Thanks for your prompt response and I would, of course, agree with you had we been discussing transportability (i.e. generalizability) of causal effects - however this is not what I am talking about in my post.
Mathematical portability (the influence of baseline prevalence on the ability of a computed effect to measure the magnitude of association correctly) does not need any consideration of random nor systematic error. It is just referring to whether the effect measure’s computed value can be shown to change for reasons other than the XY association (in this case the reason being investigated is baseline prevalence).
This concept does not need to be evaluated against real world data since I am not arguing for greater generalizability for OR’s in my post. The distinction you make between “by some criteria, the OR tends to be more portable than the RR”, and “…the OR is portable across baseline prevalence of an outcome…” suggests that you are referring to generalizability here and given the numerical similarity between OR and RR especially at smaller baseline prevalence I am quite sure that you are quite right about their equivalent transportability in the real world. I therefore fully agree with you that if we were to “put random positive numbers that sum to 1 into a series of 2x2 tables to create a hypothetical set of expected counts” we would certainly see “variation across the tables in both baseline prevalence and every measure, including the OR” but this is a different issue from its mathematical ability to measure what it is intended to measure.

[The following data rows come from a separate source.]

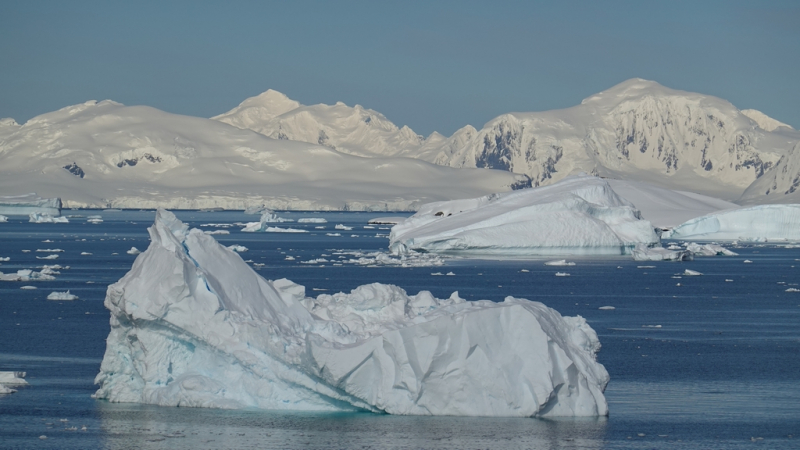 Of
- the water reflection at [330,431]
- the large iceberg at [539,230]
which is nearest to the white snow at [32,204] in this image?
the large iceberg at [539,230]

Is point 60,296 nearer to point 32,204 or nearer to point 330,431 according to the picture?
point 330,431

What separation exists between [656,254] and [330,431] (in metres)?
38.6

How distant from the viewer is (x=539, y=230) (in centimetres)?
4969

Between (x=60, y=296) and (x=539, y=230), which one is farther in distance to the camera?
(x=539, y=230)

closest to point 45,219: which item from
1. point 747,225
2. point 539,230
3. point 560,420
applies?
point 747,225

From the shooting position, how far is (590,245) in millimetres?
50969

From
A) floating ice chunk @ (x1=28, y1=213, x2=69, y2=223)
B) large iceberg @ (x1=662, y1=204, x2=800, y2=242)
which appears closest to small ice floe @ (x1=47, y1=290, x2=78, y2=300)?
large iceberg @ (x1=662, y1=204, x2=800, y2=242)

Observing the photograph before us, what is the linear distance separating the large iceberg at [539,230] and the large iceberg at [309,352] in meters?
32.8

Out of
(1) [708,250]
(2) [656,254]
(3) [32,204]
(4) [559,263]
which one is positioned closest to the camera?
(4) [559,263]

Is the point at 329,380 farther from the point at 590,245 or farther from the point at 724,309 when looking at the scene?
the point at 590,245

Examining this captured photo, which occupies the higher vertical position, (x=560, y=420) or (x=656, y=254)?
(x=656, y=254)

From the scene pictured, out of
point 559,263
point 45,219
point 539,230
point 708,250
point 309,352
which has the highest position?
point 45,219

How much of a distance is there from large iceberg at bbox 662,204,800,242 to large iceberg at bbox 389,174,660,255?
1957cm

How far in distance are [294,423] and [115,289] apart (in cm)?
349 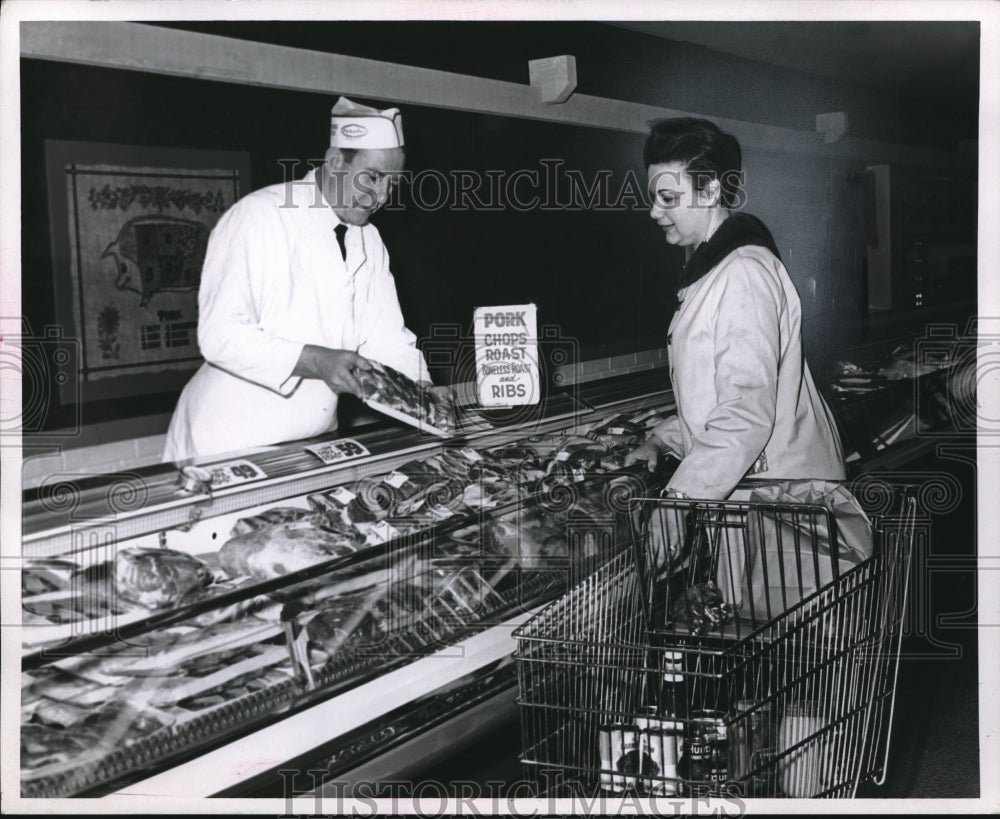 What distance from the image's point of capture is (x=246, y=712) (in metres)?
2.39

There are many other areas (other than generalizability) where these mathematical properties would become important, but perhaps that can be left for a later discussion. Right now, I am seeking agreement on the mathematics outlined above and if there is no flaw to be pointed out, and there is broad agreement, then we can move on to these other issues.
As far as I can tell, all you’ve done with your math is reframe the long-known mathematical facts that the OR is variation independent of the designated baseline (reference) risk, while the RR isn’t (nor is the RD). You seem to call the OR result “portability”; I object to that usage because in ordinary English portability is a synonym for transportability, and there is already an unambiguous and established math term for what you describe: variation independence (VI), which is also called mathematical or logical independence (as opposed to statistical independence, which can occur with or without VI).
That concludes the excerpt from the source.